Michael Kennedy is a project management expert who joined EY as a partner in 2015 and ended up as part of the team reviewing the Muskrat Falls project.
Kennedy was on the stand at the Muskrat Falls Inquiry Monday. He was not directly involved in the earliest contracts for EY on the project. They were for review of internal processes and advisory services for the oversight committee.
But in December 2015, Premier Dwight Ball announced an independent review of Muskrat Falls, insisting his new government would “open the books” on the project. EY was tasked with digging into the project’s cost and schedule for the first time.
An internal briefing from EY, now in evidence at the inquiry, shows what EY was expecting going in.

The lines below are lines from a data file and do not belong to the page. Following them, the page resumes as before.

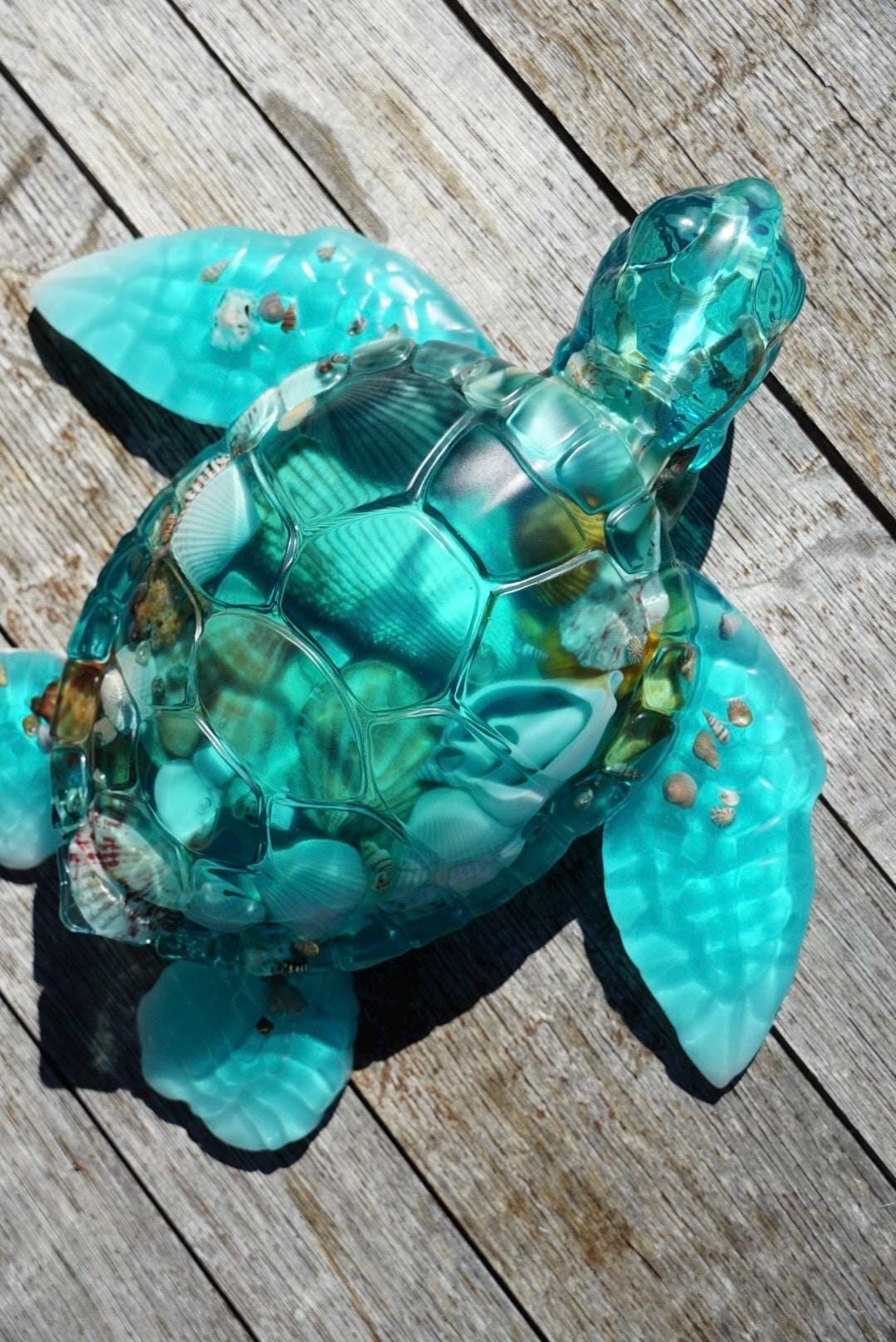 Turquoise Sea Shell Turtle | Ocean Decor | Epoxy Resin
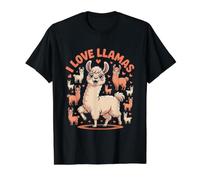 Me encantan los Corazones de Llamas, Lindos y Divertidos, con diseño de Llamas Camiseta gráfica económica, Hombre, Negro, XL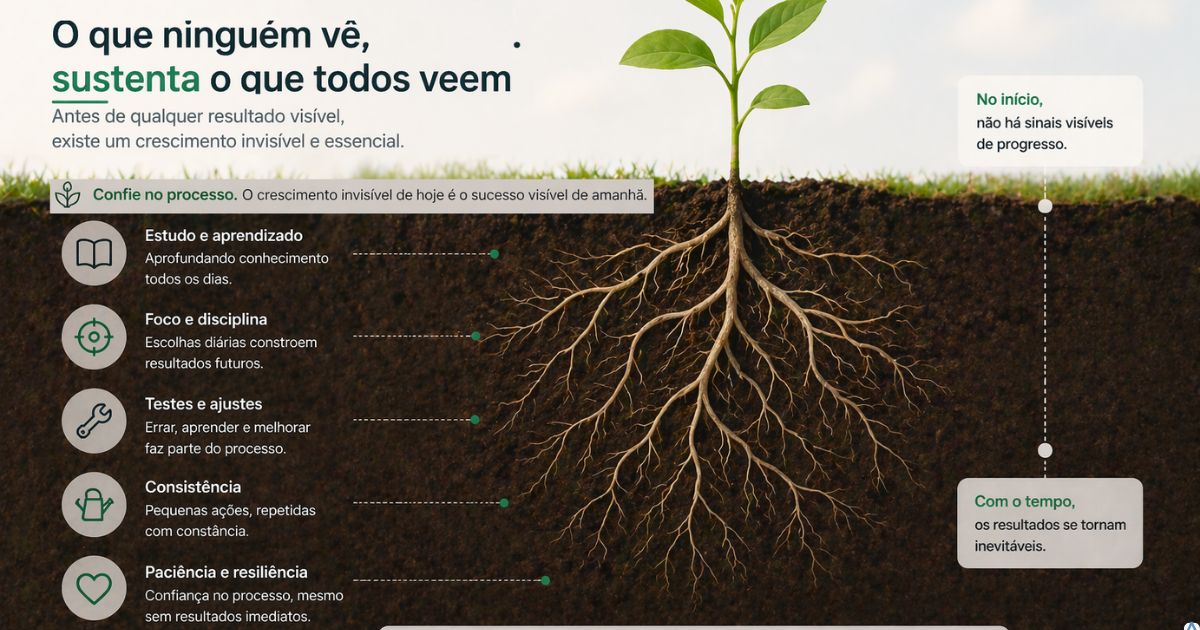 Ilustra��o de crescimento subterr�neo como ra�zes antes de aparecer na superf�cie, estilo educativo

“Nalcor, the government agency in charge of power generation and distribution, was resistant to the independent oversight function and the use of EY. They cited their existing reporting to the oversight committee, the use by the federal government of an independent engineer (to which the oversight committee also has access) as well as their own internal audit function as providing sufficient oversight on the project,” it stated.
An international team of experts worked on the review, but there was tension, Kennedy said.

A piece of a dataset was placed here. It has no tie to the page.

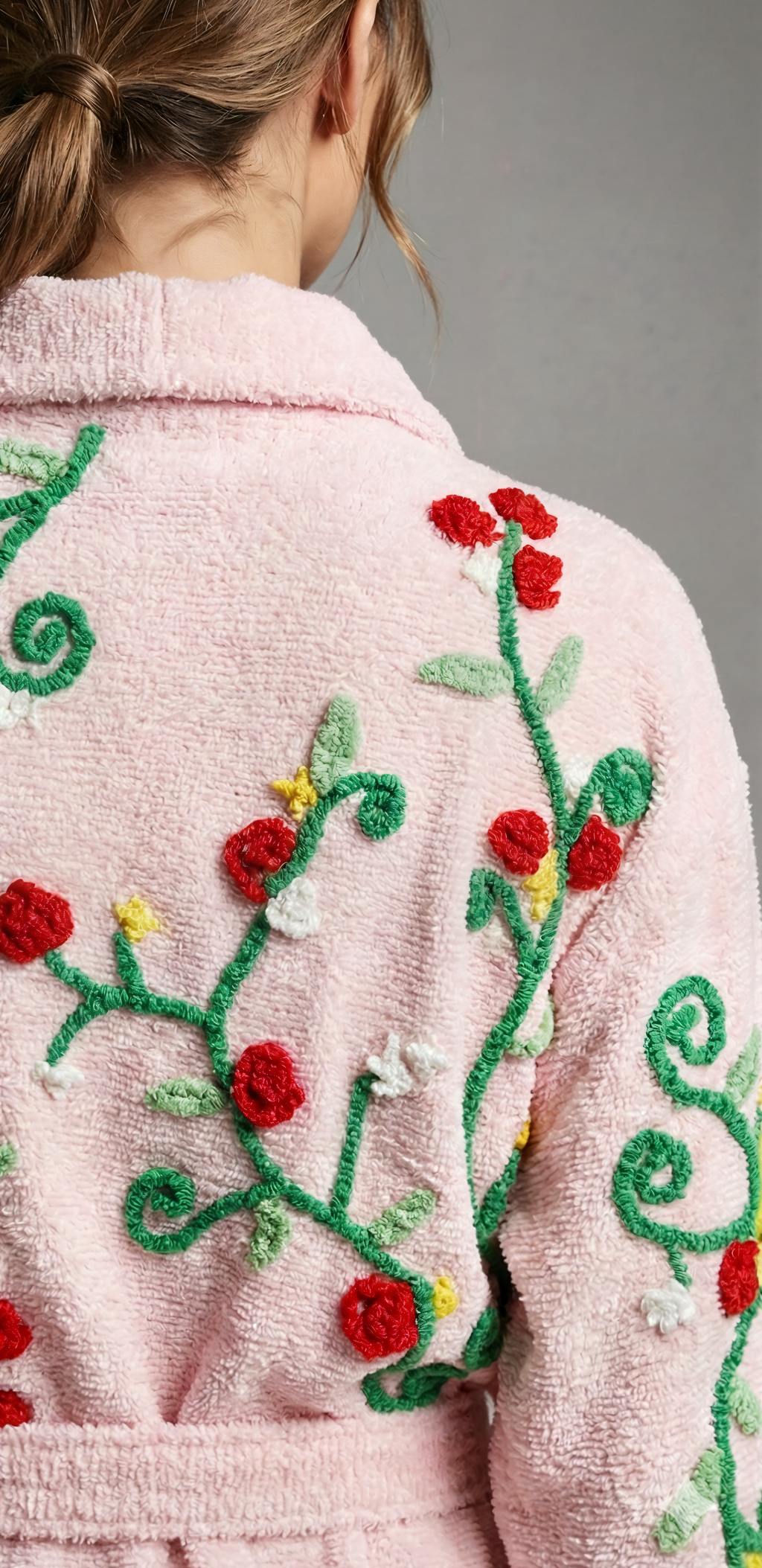Lovely Blooming Roses Chenille Gown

“We felt very managed in the way that our interactions were going. And I would contrast that with our experience and my experience in major capital projects and having been on the other side of fairly senior reviews. It was quite tense and it certainly wasn’t an approach of, ‘What can we tell you?’ ‘What do you want to know?’ It felt like they were being very careful with what they were sharing with us,” he testified.
There were meetings where discussions would end abruptly. He also testified about an initial reluctance to provide some of the reporting to Nalcor’s board of directors, and then complaints of EY using “alarmist” language in written materials.
During his testimony, Kennedy was asked by Concerned Citizens’ Coalition lawyer Geoff Budden if there was more than one example of Nalcor’s behaviour being “obstructionist” during the review process.
“I would agree with that. Yes,” Kennedy said, adding it had nothing to do with mid-level management on down.
By January 2016, EY was citing significant gaps in the information it had. Nalcor was saying it had to wait, while sensitive negotiations were happening with contractor Astaldi.
“Without EY and Government of Newfoundland and Labrador having this access and transparency, Government of Newfoundland and Labrador will be in a difficult position to exercise oversight throughout this important period and may instead be relegated to a backward-looking review exercise,” read a confidential, internal update.
“We never received the full information on the Astaldi problem,” Kennedy said at the inquiry, adding it was described as too sensitive and too complicated.
An interim report from EY in April 2016 included the key caveat that the reviewer had relied on information provided by Nalcor.
Throughout the interactions between EY and Nalcor in evidence at the inquiry, there are references to the fact reports may be made public through the Access to Information and Protection of Privacy request system. There are also references to specifically not putting information into a draft report, because it could be subject to public release.